薛破夜从窗口看了看,虽然离地面还有很高的距离,但是凭借自己的身手,问题不会太大,于是点头道:“陈前辈放心,我可以跳下去。”
潘四郎也淡淡地道:“我也可以!”
绿娘子微微颔,回道:“我也能。”她走的是轻盈的路子,这轻功一门极为纯属,若论起杭州分舵在场四人的轻功,那绿娘子毫无疑问是排在一的。
陈富二话没说,一只手夹着包月空的尸体,另一只手探出拳头,轻轻按在窗户上,他的掌缘又出现了一股红色的光芒,只是如今旁边的火势正盛,那红色的光芒反而没有先前在塔楼顶层显眼。
薛破夜等人只见到,陈富手掌过处,那窗户边沿的石头竟然渐渐碎裂开来,需知这鸿雁塔是为了祭奠当年的守城将士,用来追思而用,造工不但精美,而且墙壁大都是用坚硬的花岗岩堆砌而成,陈富竟然空手震碎花岗岩,这份本事简直是骇人听闻。
只是片刻间,那窗户竟然豁然开朗起来,已完全能够容纳一个人出入。
陈富沉声道:“我先下去,你们紧紧跟上。
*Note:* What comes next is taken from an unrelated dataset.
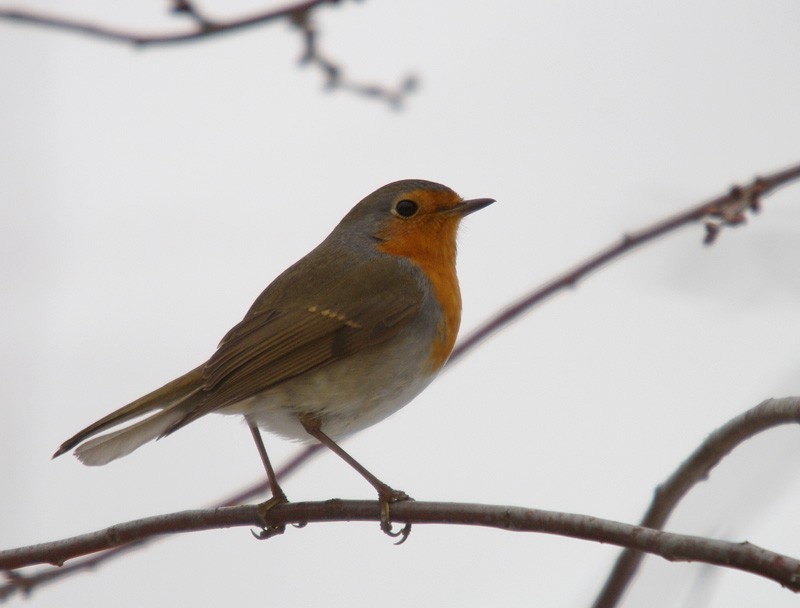 Kızılgerdan » European Robin » Erithacus rubecula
”抱着包月空的尸体,如同翱翔于九天上的雄鹰,竟是穿窗而出,轻飘飘地跳了下去。
潘四郎立刻上前,道:“舵主,我先下去探探情况!”紧跟着陈富也跳了下去。
之后绿娘子和钱宏也跳了下去,只是钱宏的轻功太差,这一跳下去,恐怕要摔得不轻,见众人都离开,薛破夜这才窜到窗户边,猛一吸气,跳了下去。
下面已是一片火海,众黑衣人淋在墙壁上的乃是松脂油,所以火借油势,更为迅猛。
薛破夜身体急坠而落,他虽然先前自认跳下来问题不大,但是真正跳起来时,虽然劲气充实,刚开始倒也能控制住身形,只是到了后来,那身体似乎就有些控制不住了,急坠下落之时,薛破夜心中暗暗叹气,看来自己的功夫并没有到家,自己这落地之后,恐怕也要受些轻伤。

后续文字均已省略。